The Sunday Mail
“Long time ago in Bethlehem
So the Holy Bible say
Mary’s boy child, Jesus Christ
Was born on Christmas Day.
Hark now hear the angels sing
A king was born today
And man will live for evermore
Because of Christmas Day…”
These are lyrics from a popular Christmas carol sang during this time of the year as Christians celebrate the birth of Jesus Christ, the Son of God.
Zimbabwe contributes millions to the more than two billion Christians around the world. The holiday has become so universal that most countries around the world — whether Christian or not — take time to be with family and friends, and partake in various festivities.
But Christmas means different things to different people.
For some, it is a time to indulge and make merry.
For others, it is synonymous with giving and sharing.
Although the recent indiscriminate price hikes have put a damper ahead of the public holiday, many remain cautiously optimistic.
But for Prophet Tawanda Blessing Bondera — founder of the Grace Harvest Ministries — the focus is on harvesting souls.
“The economic climate forced us to abandon some of our plans. In the past, we used to celebrate this day in grandeur, but we are not going to do that this year. Instead, we will be concentrating on preaching,” Prophet Bondera said.

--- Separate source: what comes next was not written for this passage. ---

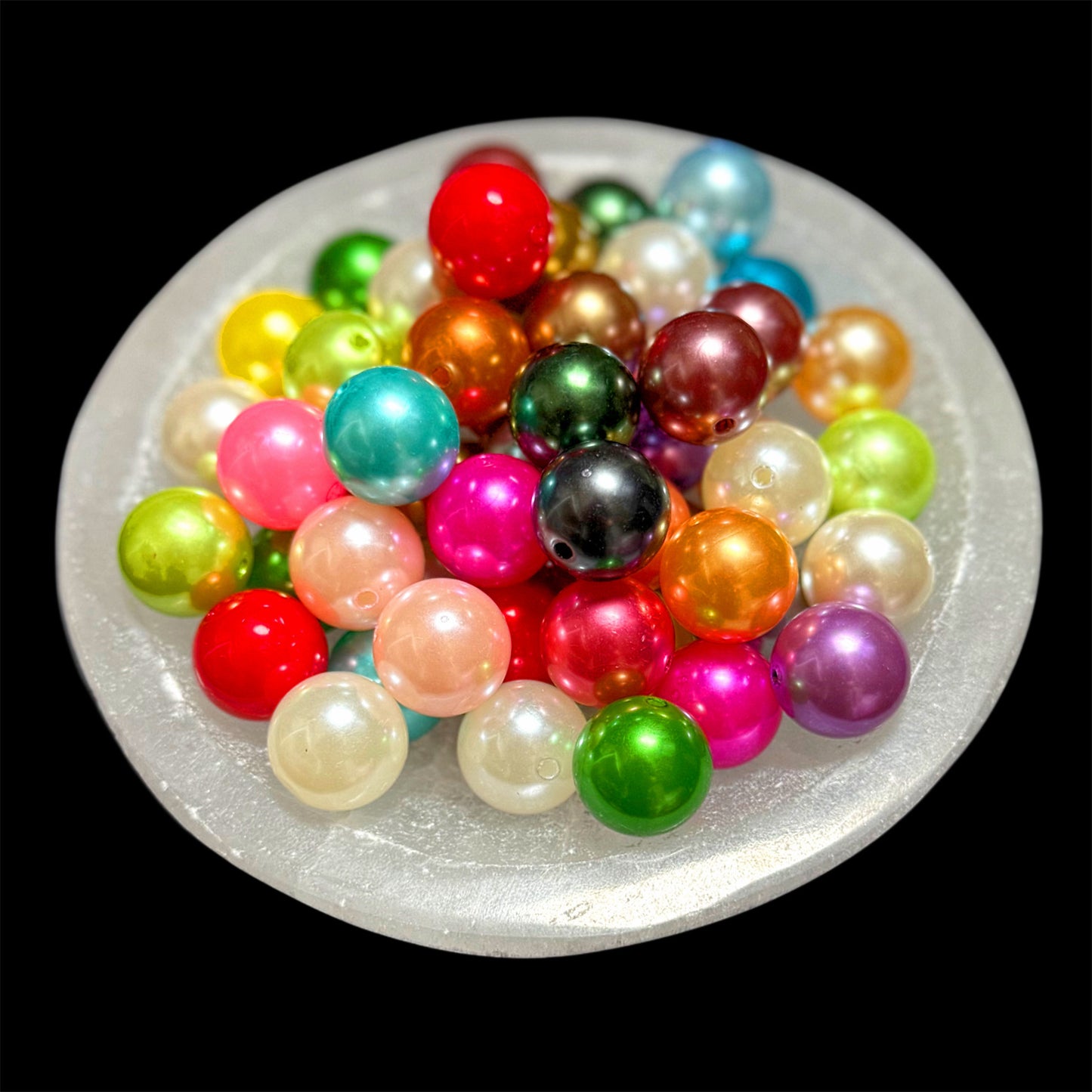 "Rainbow" Mix Pearl Acrylic 20mm Bead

His views are shared by Bishop Edward Masvingo of the Zion Apostolic Church, who believes that Christmas is a time of assisting the needy. “We take advantage of the holidays to preach and heal the sick. For us, it will be business as usual. We will be healing the sick, help the barren conceive and we will be casting out demons,” said Bishop Masvingo, whose church is headquartered in Kurauone Village in Marange.
It is a view that is also shared by United Family International Church (UFIC).
“It is a time during which we give to the less privileged. It is also a time to pray and fellowship as we thank God for giving us the greatest gift to mankind,” said Pastor Prime Kufa, UFIC spokesperson.
Prayer warriors are, however, not taking a break. Members of The City of God Apostolic Church will be hosting an all-night prayer on Christmas. “Due to the economic challenges, we decided to focus on preaching and healing. In the past, church members would exchange gifts and eat and drink,” Mr Rodrick Chiriya, the church’s spokesperson said.
However, the Apostolic Faith Mission will not stop their members from celebrating. Last week, Rev Amon Madawo, president of the Apostolic Faith Mission, said: “We are not going to have a major national event. Instead, church services will be held at cluster level. We do not want to burden our congregants by travelling to Harare for festivities.”
Not to be outdone, some traditionalists will also take advantage of the holiday break to connect with the spirit world.
Sekuru Friday Chisanyu said, “It is also a time to remember our dear departed since we believe that the dead and the living have a special connection.”
Over the years, there have been concerns of Christmas being commercialised.